Трое мужчин в армейской форме ворвались в трейлер. Один схватил ее сзади, второй ударил кулаком в лицо. Клаудия закричала, но третий – он показался ей знакомым – на полную громкость врубил музыку. Ее повалили на пол и по очереди изнасиловали. Если она сопротивлялась, ее тут же били. Нападавшие были пьяными и вдобавок под кайфом. Одного из них вырвало прямиком ей на грудь, и с тех пор стоило Клаудии услышать запах рвоты, как она тут же вспоминала про изнасилование и всякий раз вновь переживала те ощущения.
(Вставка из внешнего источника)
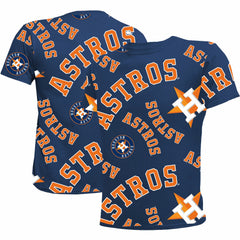Houston Astros Stitches Youth Allover Team T-Shirt Online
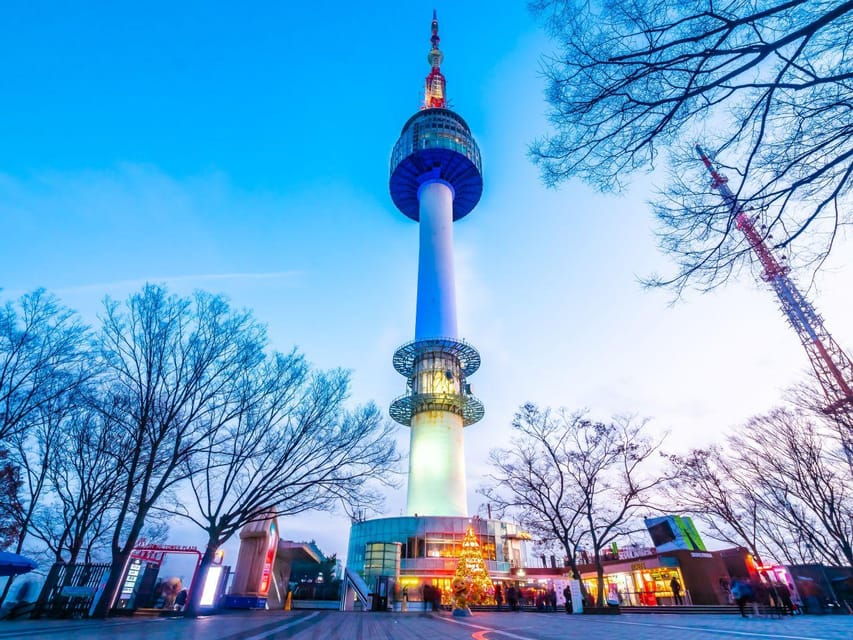Seoul: Gyeongbokgung/Hanok Village/N Seoul Tower/Painters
Затем насильники сели в машину и уехали. Клаудия замоталась в скатерть и, спотыкаясь, побрела к дому сержанта. Тот отвез ее в больницу и вызвал брата. Дэвид, узнав о случившемся, чуть не обезумел. Он сообщил в военную полицию, и на следующий день Клаудия давала показания.

Насильников нашли быстро. Соседи, пожаловавшиеся на громкую музыку, видели троих солдат, выбегавших из трейлера, и запомнили марку автомобиля. Клаудия описала их внешность. Эту троицу не раз замечали в клубе.

Их арестовали. Клаудию заставили подписать заявление. Однако узнав, что им грозит смертная казнь, потому что ей еще не исполнился двадцать один год, она пришла в ужас. Смерти в газовой камере она не желала никому, даже своим обидчикам. Другая на ее месте пошла бы до конца, но Клаудия просто не нашла в себе сил.

Она забрала заявление.

Офицер, возглавлявший расследование, убеждал ее, что это глупо. Она лишь мотала головой и повторяла:

– Забудьте, так дело не решить. Отправьте их лучше на лечение… Они больны. Я не хочу, чтобы из-за меня кого-то убили, потому что я против смертной казни.

В завершение рассказа Клаудия с печалью вздохнула.

– Знаете, когда эти парни постучали к нам – мол, им нужно позвонить в больницу, – я забыла обо всем на свете. Даже о том, что у нас никогда не было телефона.

Бедная, запутавшаяся, ранимая девочка… Меня глубоко тронуло ее решение не выдвигать обвинения, чтобы не стать причиной казни. Хорошо, что она наконец передо мной раскрылась. Ее сострадание и милосердие – даже по отношению к насильникам – лишний раз доказывало, что люди правы: Клаудия не обидит и мухи.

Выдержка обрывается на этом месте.